Valve has been dealing with a string of controversies regarding what games are allowed on its popular Steam marketplace. Valve's mixed-messaging on various games have left customers and developers confused over what is and isn't allowed on the platform. Today Valve finally gives an answer to the confusion. What's allowed on Steam? Pretty much anything.
Confusion about the company's Steam policy have been a regular point of discussion lately after Valve seemingly flip-flopped on whether sexually-explicit visual novels were allowed on the platform (they're under review). The conversation continued over a game about a school shooting (it was pulled from Steam), to a game about killing babies in hell (it was allowed but had to comply with ESRB ratings).
"The online debates around these topics play out inside Valve as well. We don't all agree on what deserves to be on the Store," writes Valve's Erik Johnson in a Steam blog post. He admits that the company's case-by-case review of games is subject to the same debates as Valve's community. So rather than struggle with the deliberations, Valve is going to open the floodgates. Or at least open them in a measured way.
"Recently there's been a bunch of community discussion around what kind of games we're allowing on the Steam Store. As is often the case, the discussion caused us to spend some time examining what we're doing, why we're doing it, and how we could do it better," explains Johnson. "We've decided that the right approach is to allow everything onto the Steam Store, except for things that we decide are illegal, or straight up trolling."
This means that Valve will police less what goes on the store but will continue to make reviews of games for legality based on laws around the world. They'll also ask more from developers to detail problematic content in their games and will sever ties with devs that lie or misrepresent what's in their games.

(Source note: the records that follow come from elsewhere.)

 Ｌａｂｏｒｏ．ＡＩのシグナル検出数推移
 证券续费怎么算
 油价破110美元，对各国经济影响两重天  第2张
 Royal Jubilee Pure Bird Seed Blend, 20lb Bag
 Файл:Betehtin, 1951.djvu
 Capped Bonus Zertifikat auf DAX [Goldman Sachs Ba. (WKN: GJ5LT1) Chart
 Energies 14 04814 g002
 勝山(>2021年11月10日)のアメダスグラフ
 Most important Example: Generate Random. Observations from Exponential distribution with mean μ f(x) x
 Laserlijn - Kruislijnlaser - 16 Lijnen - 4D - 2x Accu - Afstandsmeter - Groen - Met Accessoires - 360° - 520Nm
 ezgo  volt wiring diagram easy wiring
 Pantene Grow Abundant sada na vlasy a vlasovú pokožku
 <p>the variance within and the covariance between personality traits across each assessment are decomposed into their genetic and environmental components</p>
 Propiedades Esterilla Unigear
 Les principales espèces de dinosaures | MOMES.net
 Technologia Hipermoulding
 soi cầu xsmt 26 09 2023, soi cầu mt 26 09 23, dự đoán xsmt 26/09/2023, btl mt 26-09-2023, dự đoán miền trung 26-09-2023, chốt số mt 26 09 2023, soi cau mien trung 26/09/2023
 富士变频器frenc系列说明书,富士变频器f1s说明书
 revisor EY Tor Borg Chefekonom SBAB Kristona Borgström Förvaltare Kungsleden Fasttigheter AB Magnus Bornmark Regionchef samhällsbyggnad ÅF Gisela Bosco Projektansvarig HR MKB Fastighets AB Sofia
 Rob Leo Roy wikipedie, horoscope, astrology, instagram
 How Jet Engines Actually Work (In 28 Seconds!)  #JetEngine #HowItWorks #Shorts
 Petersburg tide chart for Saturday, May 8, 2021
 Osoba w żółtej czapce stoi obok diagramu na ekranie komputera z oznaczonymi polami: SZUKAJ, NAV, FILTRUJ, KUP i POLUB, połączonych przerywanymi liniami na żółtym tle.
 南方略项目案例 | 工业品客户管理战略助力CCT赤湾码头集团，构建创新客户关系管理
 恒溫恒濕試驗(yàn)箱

So that customers don't see content they might find objectionable or not within their interests, Valve will expand tools that will help customers control what kind of games they see on Steam. "So if you don't want to see anime games on your Store, you'll be able to make that choice," writes Johnson.
There's no delivery date on when these changes will take place, but it sounds like Valve still needs to deliver guidelines and expectations of what its new policies will mean for developers who want their games on Steam. "If you're a player, we should be choosing for you what content you can or can't buy. If you're a developer, we shouldn't be choosing what content you're allowed to create. Those choices should be yours to make."